O que não acontece hoje é a imposição da crença religiosa, porque com suas sucessivas reencarnações o espírito foi se aperfeiçoando, adquirindo cada um o seu livre arbítrio para aceitar essa ou aquela religião, de acordo com seu estado evolutivo.
O que existe ainda hoje, e vem da origem dos povos, é a luta em torno das religiões, cada qual pretendendo ter a primazia, e por isso umas atacam as outras esquecendo os mandamentos de Cristo: “ Amai-vos uns aos outros!”
Em eras milenárias, precisamente no Egito, na Índia, China e mesmo em Jerusalém existia os maiores feiticeiros, magos e bruxos. Daí afirmo que os povos da antiguidade também acreditavam piamente, segundo suas crenças, no domínio dos espíritos, e temiam o feitiço, tendo chegado mesmo a queimar os feitiços. Competia aos Magos desmanchar o feitiço, e para isso eles usavam o fogo como um dos elementos destruidores do malefício, e também defumadores e banhos de ervas. Os magos adoravam o Sol, a Lua, a mata, a pedra e as águas.

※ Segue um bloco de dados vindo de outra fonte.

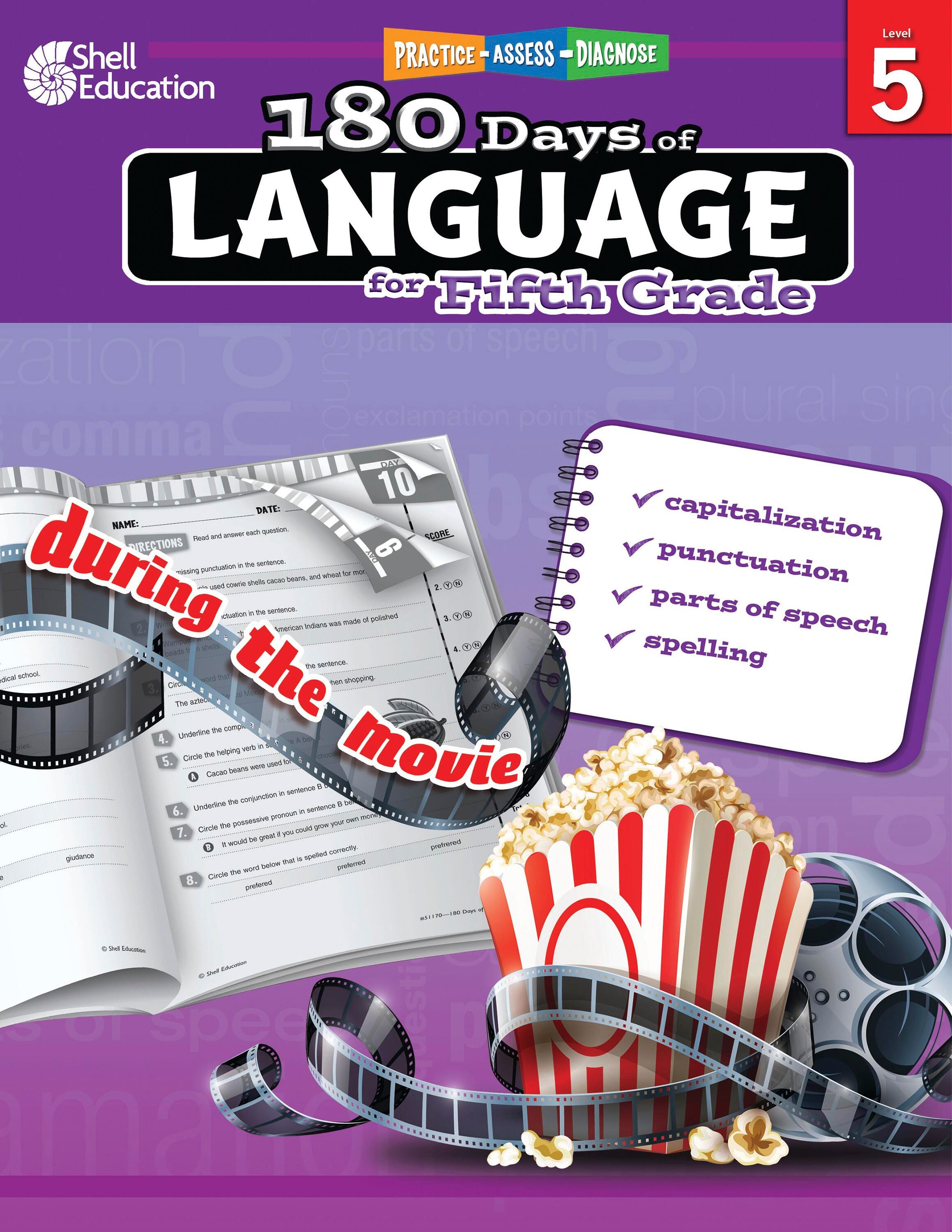 Image for Shell Education 180 Days of Language for Fifth Grade from School Specialty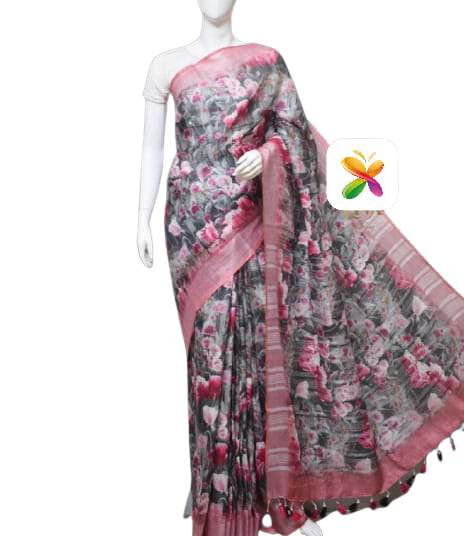 PURE LINEN DIGITAL PRINT SAREE SILK ZONE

Os hindus rendiam homenagem ao Deus Allah, queimando os cadáveres para que os espíritos se elevassem rapidamente, de acordo com os ensinamentos dos Vedas. Os budistas, a filosofia de Confúcio, as práticas religiosas de antanho, traduzem bem que já se praticava o espiritismo, e que já existia algo do ritual da Lei da Umbanda. Quem dentre os encarnados, por mais sábio que seja, pode afirmar qual religião que existia no continente negro, antes do mesmo ser invadido pelos povos de raça branca, que ali implantaram a escravidão?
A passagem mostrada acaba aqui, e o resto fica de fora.